It’s the birthday of British author and Nobel Laureate John Galsworthy (1867-1933), best known today for a series of novels called The Forsyte Saga which, whatever kind of reading they make, contain highly entertaining material for a television series.
Galsworthy was born in Kingston Hill, Surrey, England, and went to Harrow School, one of the oldest, most prestigious, most expensive, and most famous boarding schools for boys in the world, so we can assume he was extra miserable there. (I don’t actually know.) Galsworthy’s family were farmers from way back but had become rich in the 19th century via property. Galsworthy went on to study law at New College, Oxford, didn’t like practicing law, and began to write for his own amusement. During the time that he was discovering he didn’t like law, Galsworthy traveled around the world thinking about marine law—as good an excuse as any for such a trip—and started palling around with Joseph Conrad, then on a merchant ship; they became BFFs for life. So there’s that.

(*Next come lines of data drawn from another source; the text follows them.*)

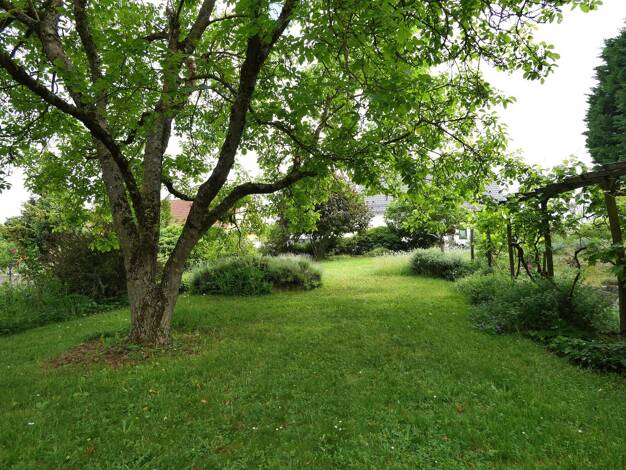 Haus zum Kauf 1.220.000 € 7 Zimmer 260 m² 2.069 m² Grundstück Cadolzburg Cadolzburg 90556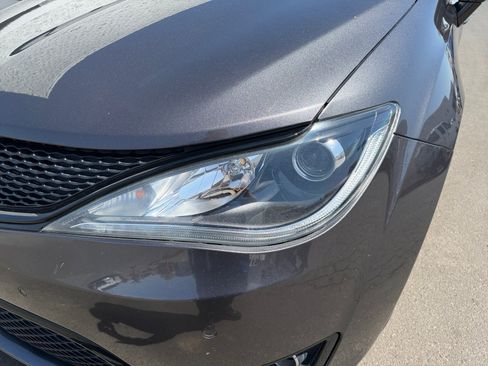 Used 2020 Chrysler Pacifica Touring-L w/ Advanced Safetytec Group AWD/4WD image 9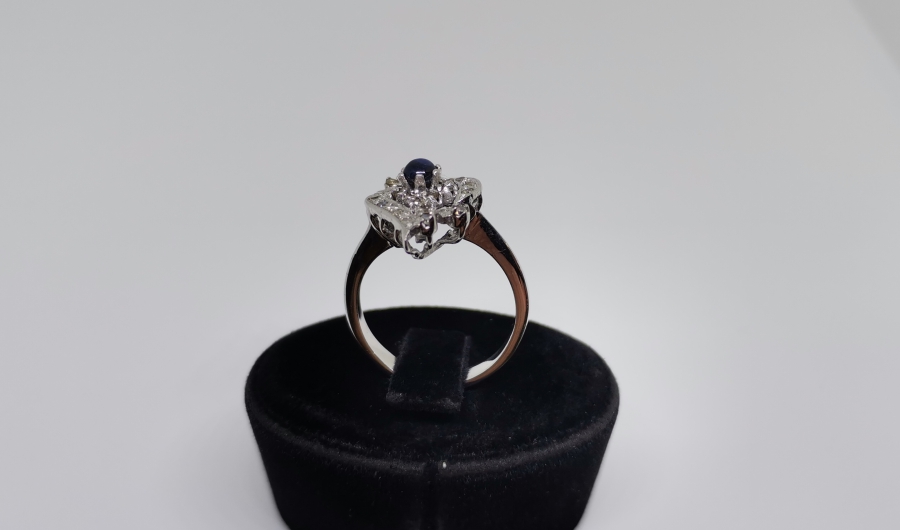 SAFİR VE PIRLANTA TAŞLI YAN MEKİK MODEL YÜZÜK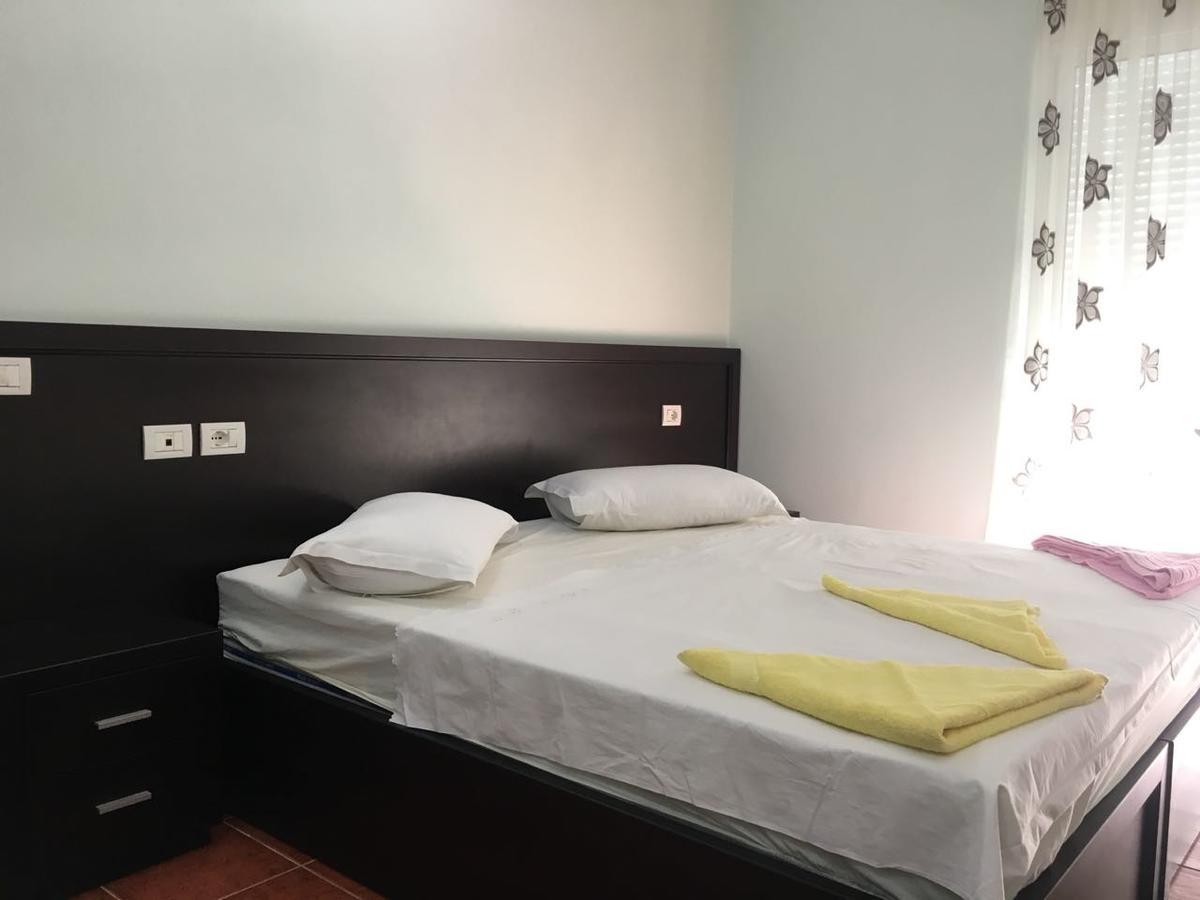 Guest House Simeone Berat Exterior photo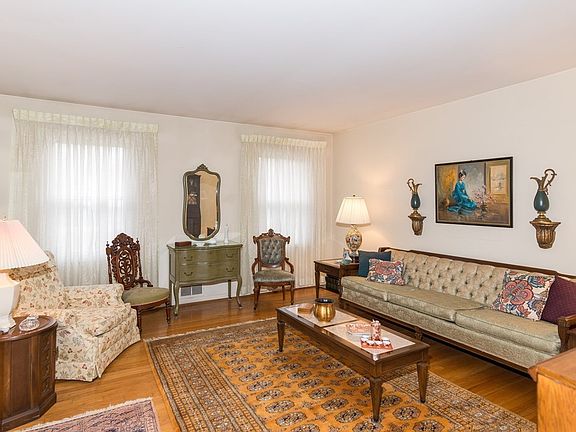 3rd image of 3546 Highwoods Dr N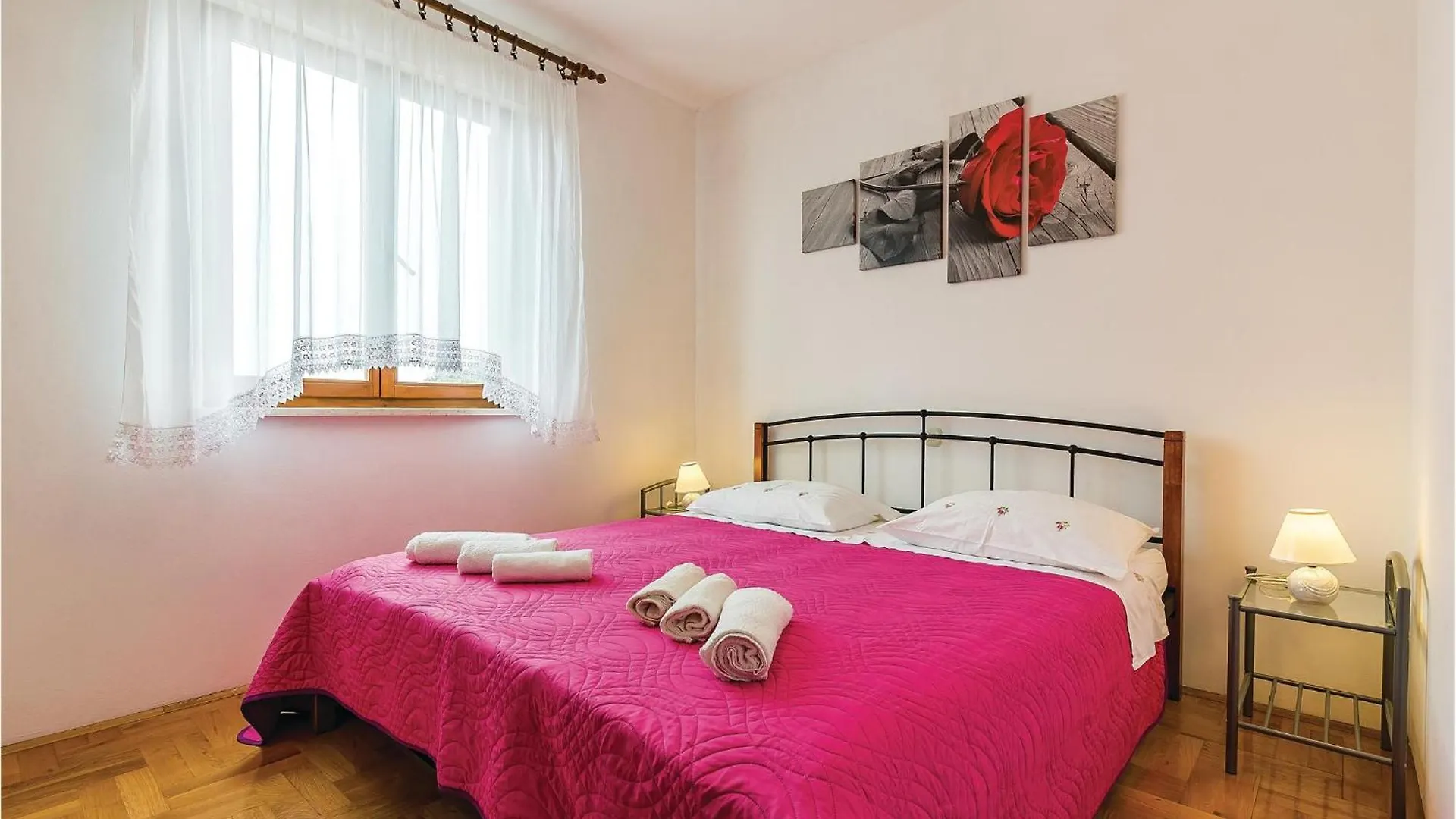 4 Bedroom Lovely Apartment In Stinjan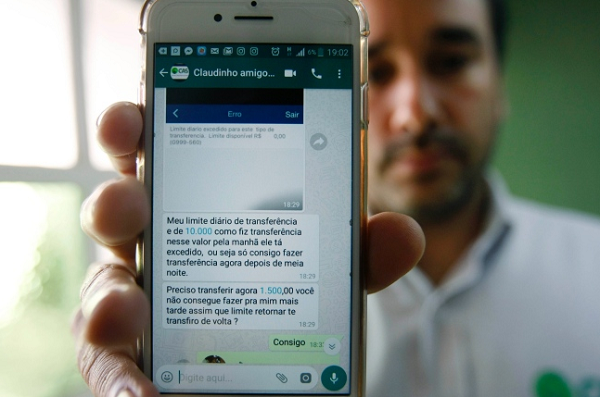 Mensagem de fraudador pede R$ 1.500 para amigos da vítima (Foto: Reprodução)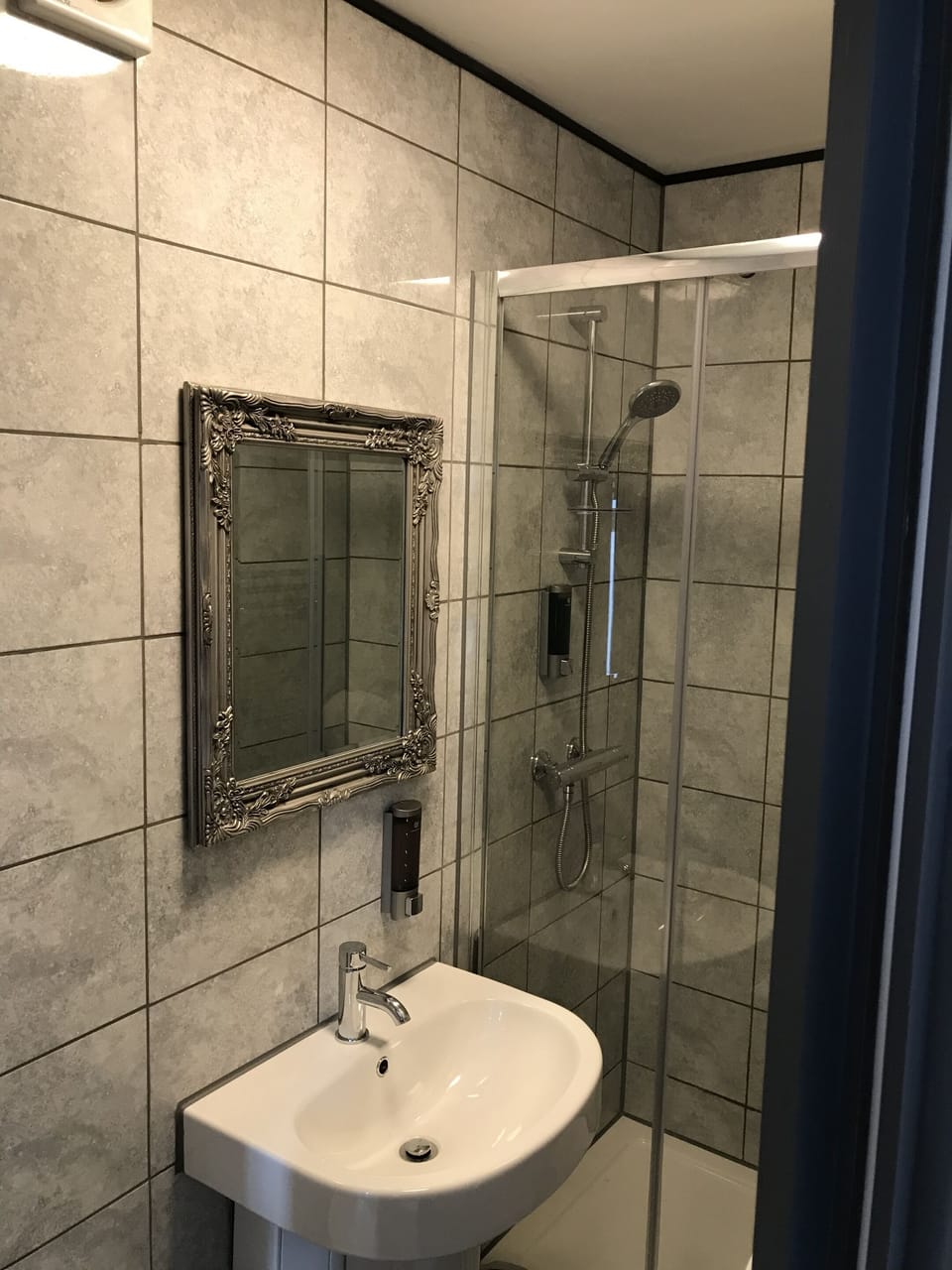  Ensuite shower room.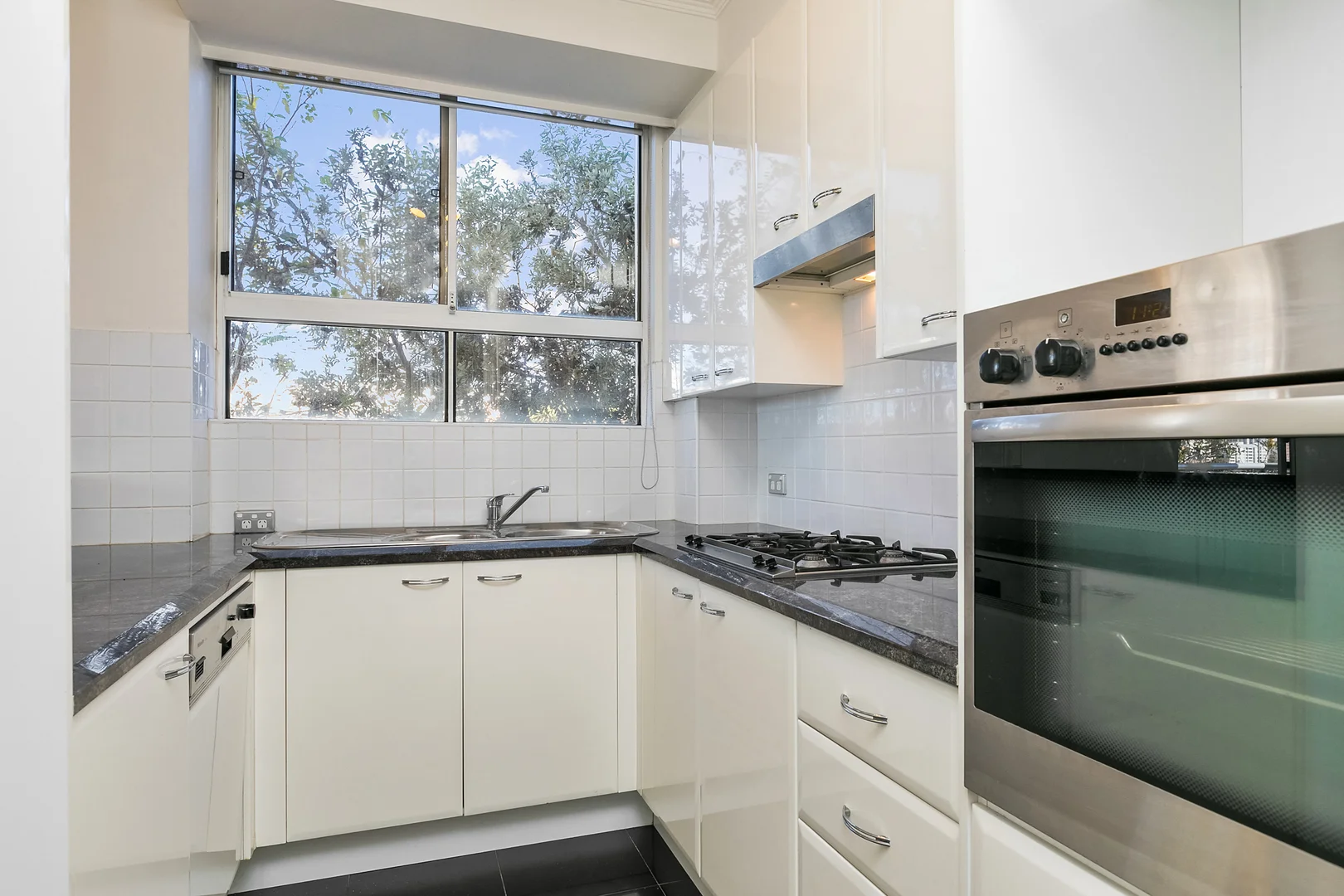 Additional image 5 of 27/1 Batty Street, Balmain NSW 2041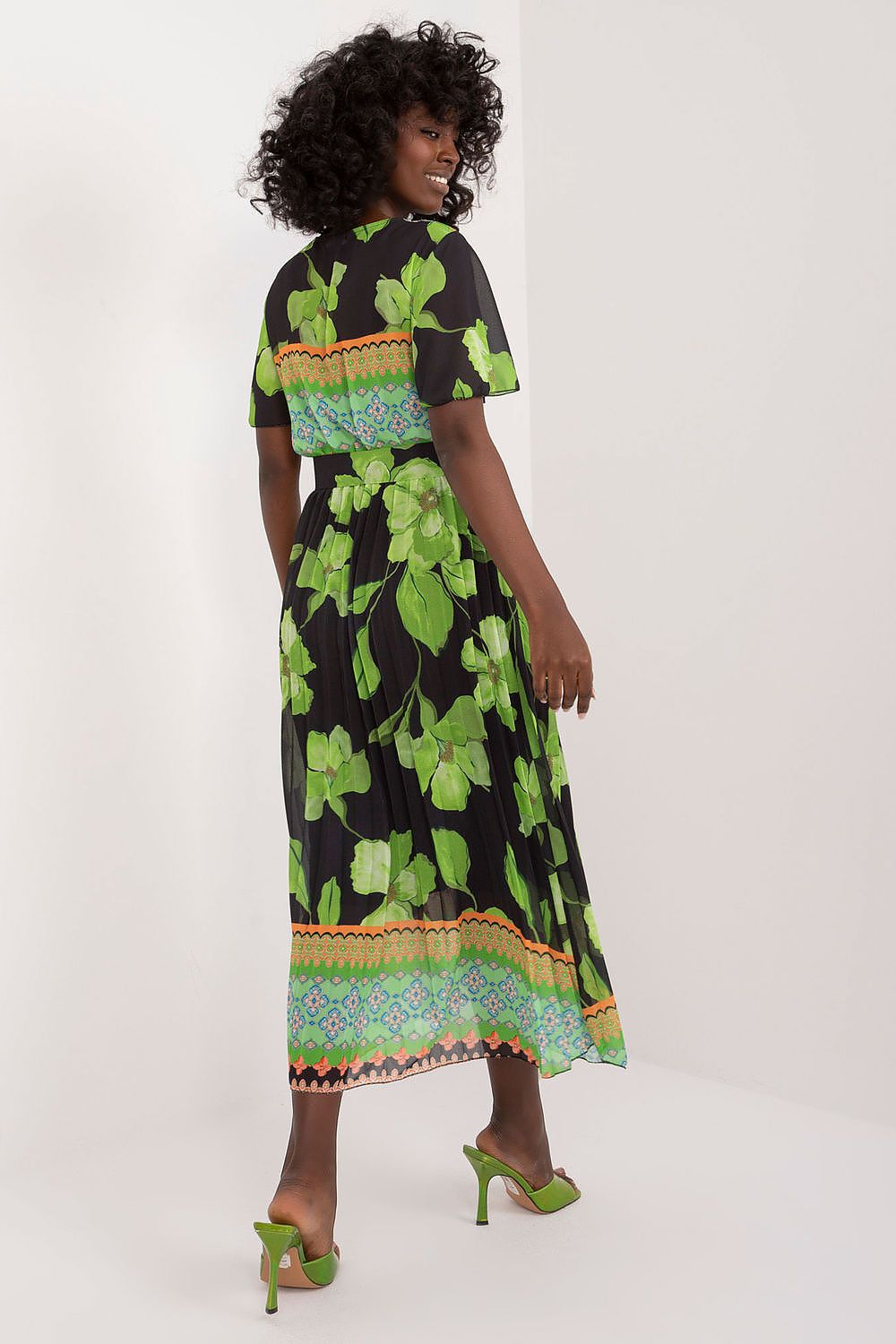  Sukienka Model DHJ-SK-11331-5.19 Black/Green - Italy Moda 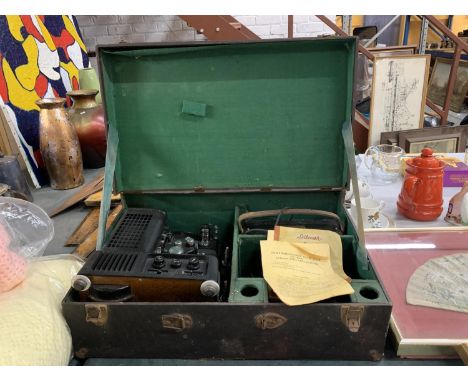 A VINTAGE DITMAR DUO PROJECTOR IN ORIGINAL CASE 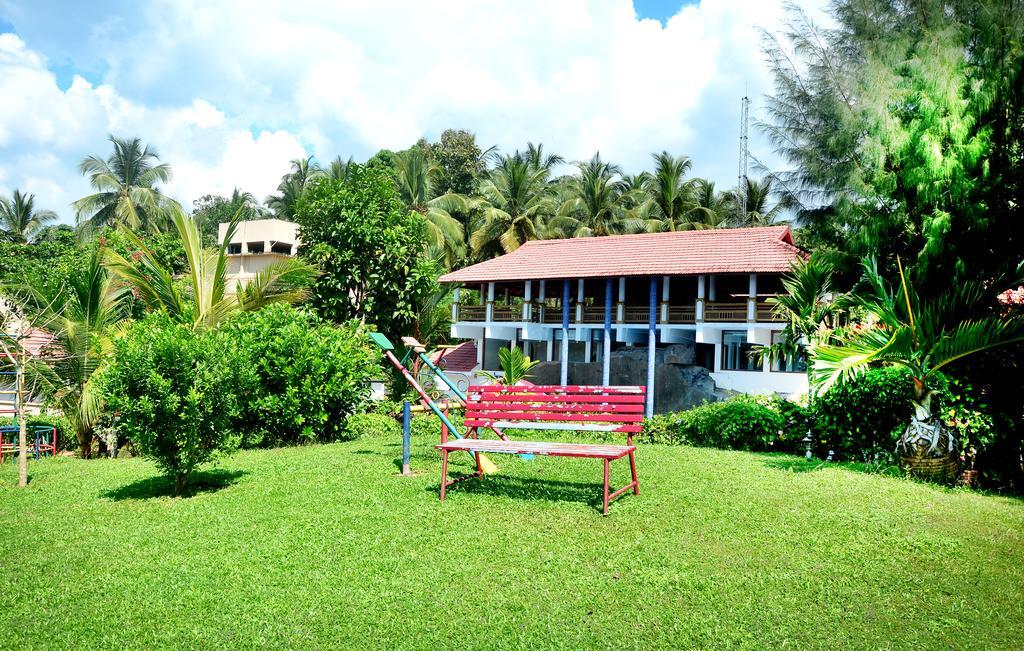 Vascodagama Beach Resort Kappad Eksteriør billede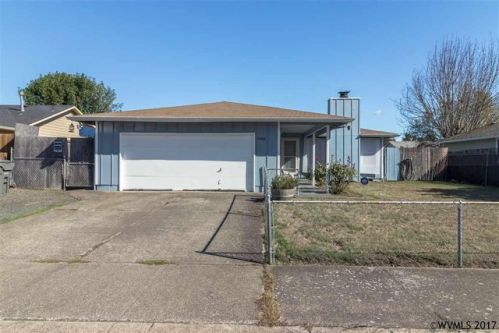 3306 Columbine St, Lebanon OR  97355-1582 exterior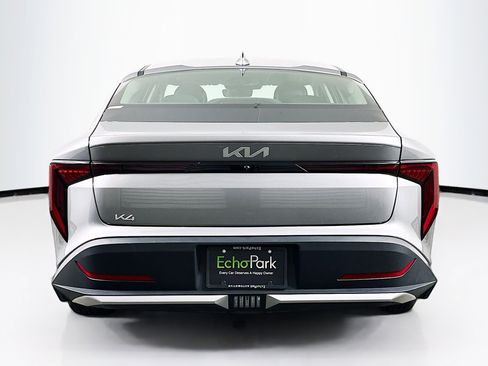 Used 2025 Kia K4 LXS image 7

As a writer, Galsworthy first mucked around with short stories and a novel all written under the pseudonym John Sinjohn. Then he wrote Pharisees (1904) under his own name, and in 1906 came out with the first novel in the Forsyte Saga, A Man of Property (1906). This novel harshed on the very society Galsworthy had come from: people relatively new to the upper middle class and eager to amass more property and wealth. Years later, after WWI, he wrote the other two novels in the saga and eventually three more (collectively called A Modern Comedy, 1929), and even a smattering of Forsyte short stories (On Forsyte Change, 1930). In an interesting twist, Galsworthy began over the years to sympathize more and more with the very class and characters he had harshed on to begin with. Hmm.
In 1967, the BBC did a television series of The Forsyte Saga, and Granada Television in the UK (with financial backing from an American PBS station) also did a mini-series in 2002 starring Damian Lewis as Soames Forsyte, and a very fine job Lewis did.
Fun but somewhat unsavory fact: Galsworthy’s wife, Ada Pearson, was formerly his cousin’s wife; they had an affair for a number of years before she was divorced and free to marry him in 1905. She was the model for the character Irene in The Forsyte Saga.
The fact that Galsworthy was very very popular and highly regarded, and then he was not, may lead one to wonder, what’s up with that? While there are still people buying and reading his books (look him up on Amazon and Goodreads), he’s not the first name to come to mind when you think of great early 20th century authors. The article linked here addresses this very question and even leads with Galsworthy as the great example. Enjoy.
Have a delightful Tuesday with pockets of much-needed rest and stay scrupulously honest to the data.